Saturday, August 20, 2005

The Critic: The Complete Series

3-disc set; 23 episodes (~520 minutes)

Argh. For the second time, I saw a show I got at the same time as this set, “Dilbert,” in its entirety on DVD. Why didn’t I review it? Now, here’s a show that has an interesting history. It ran for 13 episodes on ABC where it was canned, but with episodes already in production, the show needed a new home. It found one at FOX. Included here are all 23 episodes from both ABC and FOX, and I’m prepared to review them.

The premise is fairly simple: Jon Lovitz voices Jay Sherman, a film critic from New York. He has a son named Marty, is adopted into a rich family (and his dad is a kook) and has his own TV show, “Coming Attractions.” His boss Duke seems to be based on Ted Turner, although with more character.

There’s a few other characters and things, but I’ll get to them in the course of the review. Usually, a plot is intertwined with gags and clips from films he reviews. In retrospect, the show resembles “Family Guy,” although at a comparatively deliberate pace. There’s lots of times where Jay flashbacks because of something he said, or a TV show or movie is parodied in his daily life, stuff like that.

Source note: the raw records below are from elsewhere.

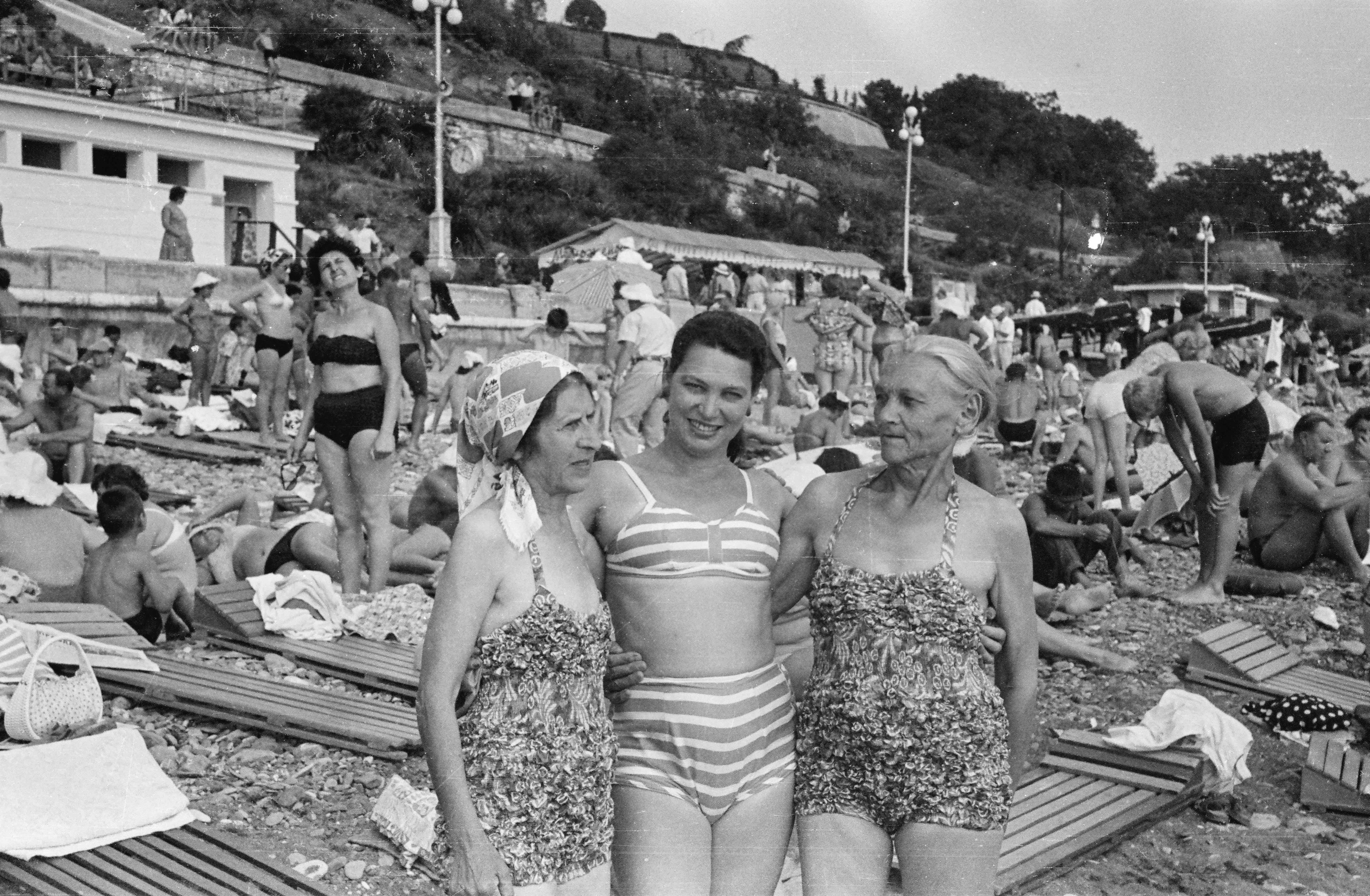 Сааковы. Курортное дело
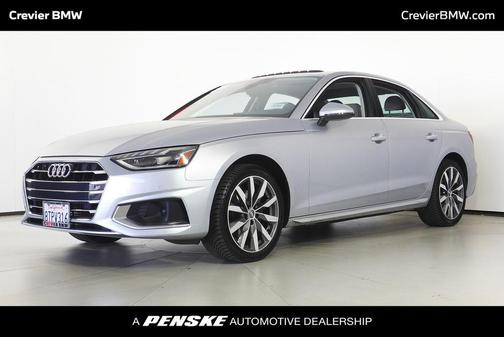 2020 Audi A4 40 Premium Plus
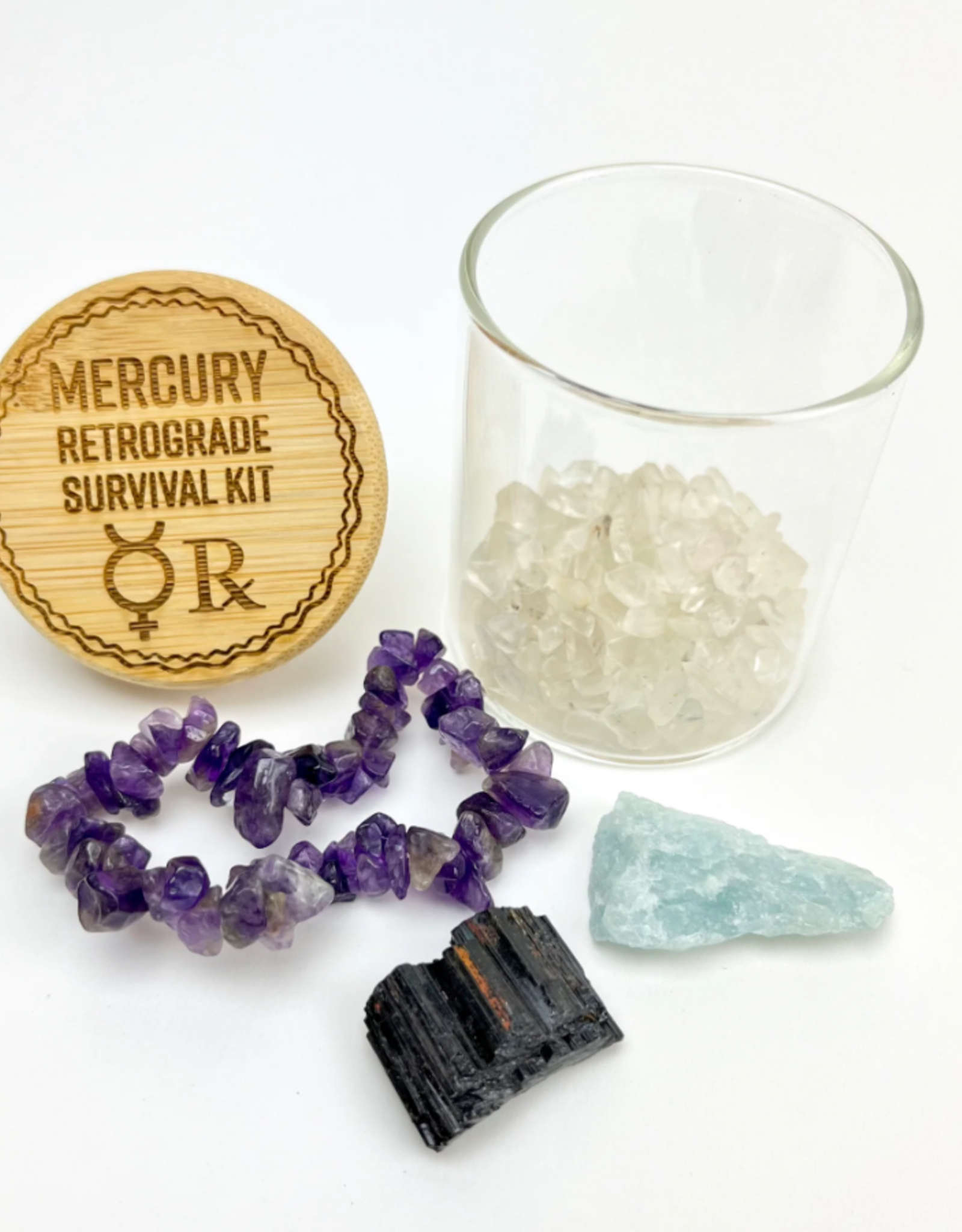 Humorous | Crystal Kit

Pilot – Here’s the first episode. Jay’s guest on “Attractions” is actress Valerie Fox, who falls for Jay and starts dating him. He takes her to see his family, who worry she’s using him to get a good review. He plays sick to try to get out of seeing it, but ends up with a copy anyway, and it’s dreadful. Thankfully this episode doesn’t feel too “pilot-y” and things are introduced correctly. We see the restaurant he frequents at (its name in English is “The Wealthy Jackass”) and his buddy, Australian actor Jeremy Hawke. Plus there’s classic moments with his dad – “on this TV, his nose is bigger than my foot.” There’s enough laughs here to warrant a thumbs up.

Miserable – In Jay’s morning, he sees a lot of people in love – but not him. At a screening of “Indecent Proposal 2” (“I’m willing to offer you…$6”) he spots the female projectionist watching him. He goes up and they have sex. Again. And again. Eventually, he finds her to have a psychotic obsession with him, and he gets tied up in her apartment. Jeremy helps to break him free. Just packed with lots of funny stuff, both visually and in dialogue. More laughs than the first – thumbs up. Oh, and “buy my book! Buy my book!”

Marty’s First Date– Marty has Jay speak at career day at the UN School and comes across a girl from Cuba whom he likes. They go on a date, she’s bored, and heads back to Cuba. He stows away on the plane home and Jay has to retrieve him. There’s a lot of nice gags amidst the plot, notably a flashback to Fidel Castro’s first date. Thumbs up.

Dial “M” For Mother – Due to bad focus group tests (no thanks to a venomous review of a “Pride of the Yankees” remake where the ending was retooled), Duke tries to fix Jay’s image. He eventually asks Jay to appear on “Geraldo” with the topic being “Celebrities and Their Mothers.” Jay tells her off and she enters the hospital. He then gets knocked out cold by an angry viewer and finds his mother watching over him in the hospital when he is admitted. Another funny one, and it includes one of my favorite moments – Jay’s dad as “Baby ’37.” Thumbs up.

A Little Deb Will Do Ya – A character I haven’t mentioned yet is Jay’s makeup lady, Doris, played by “Simpsons” talent, the late Doris Grau. In one of the show’s two changing opening credit jokes, she calls Jay and says, “Jay, I’m at the morgue – come tell them I’m not dead!” This one’s about Jay’s sister Margo getting forced to go to a debutant ball and Jay’s ratings sinking due to competition Humphrey the Hippo. Funny stuff, including a dressmaker asking Margo if she’s pure enough to wear virginal white. “Yeah, give me the white…just not on the gloves.” Thumbs up.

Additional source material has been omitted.